# Love Los Angeles



## Westsidelife (Nov 26, 2005)

I present to you the City of Los Angeles...


----------



## tiger (Aug 21, 2004)

One city with 2 clusters of skyscrapers?


----------



## alex04 (Mar 27, 2006)

woooooooooooow

very wonderull pictures , i liked it very much

LA rulez


----------



## zwischbl (Mar 12, 2005)

LA looks dull to me.
little diversity in architecture and everything seems a bit uncreative.
but overall its still nice. looks very clean! the pic i like best is the second to the last one. skyscrapers right merging into lowrise architecture with lots of greenery.


----------



## Octoman (Nov 16, 2006)

^^ WTF??

Looks pretty damn good from where I am sitting! Great set of pictures.


----------



## pdxheel (Feb 15, 2006)

Great pics!


----------



## CITYofDREAMS (Jan 20, 2007)

zwischbl said:


> LA looks dull to me.
> little diversity in architecture and everything seems a bit uncreative.
> but overall its still nice. looks very clean! the pic i like best is the second to the last one. skyscrapers right merging into lowrise architecture with lots of greenery.

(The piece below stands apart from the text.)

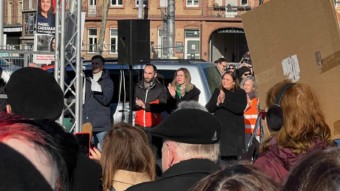 "Wir sind die Brandmauer!"-Demo am 1. Februar 2025 | Foto: M. Schülke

Funny what people will say just to feel good about their own. Westside it looks awesome!! the Getty center are my favorites.


----------



## ChrisZwolle (May 7, 2006)

Great pics, amazing city!


----------



## alitezar (Mar 10, 2006)

Wow awesome pix.
I also used to live in L.A for 5 years near Wilshire & Westwood. 
BTW where is the second shot from? I always wondered where people took this shot of L.A in this angle from.
Is it taken from Palos Verdes Hills?
Awesome pix.


----------



## nygirl (Jul 14, 2003)

Nice snaps..


----------



## ZZ-II (May 10, 2006)

impressive pics, i really love that city


----------



## Mr Bricks (May 6, 2005)

CITYofDREAMS said:


> Funny what people will say just to feel good about their own.


I don´t think that´s the reason. It´s just that a guy from Munich (or Europe overall) is usually not very impressed by LA in terms of architecture and pedestrian friendly areas.

Having said that these pics are impressive though. The climate, the beaches, the greenery and the diversity are incredible!


----------



## LANative (Aug 28, 2005)

Westsidelife said:


> I present to you the City of Los Angeles...


Are those two New York City buses on the left side of the street?


----------



## schmidt (Dec 5, 2002)

Los Angeles is great! Very clean and modern city, I really loved it when I went there last April.


----------



## krull (Oct 8, 2005)

LA has an amazing scenery! Good Photos! kay:


----------



## zwischbl (Mar 12, 2005)

CITYofDREAMS said:


> Funny what people will say just to feel good about their own.


No! I know Los Angeles is a very popular city. But its just not MY taste. i cant feel any charisma about this city thats all. 
one example that might show what i mean: for me tokyo is a very ugly city in common sense..nevertheless its one of my very favourite ones since it has a very strong unique atmosphere. 
apart from that LA´s location is simply perfect! good choice


----------



## zwischbl (Mar 12, 2005)

SuomiPoika said:


> I don´t think that´s the reason. It´s just that a guy from Munich (or Europe overall) is usually not very impressed by LA in terms of architecture and pedestrian friendly areas.


Thanks! Thats right as well!


----------



## cmoonflyer (Aug 17, 2005)

LA- a great city full endless charm and imagination .......


----------



## FROM LOS ANGELES (Sep 25, 2005)

LANative said:


> Are those two New York City buses on the left side of the street?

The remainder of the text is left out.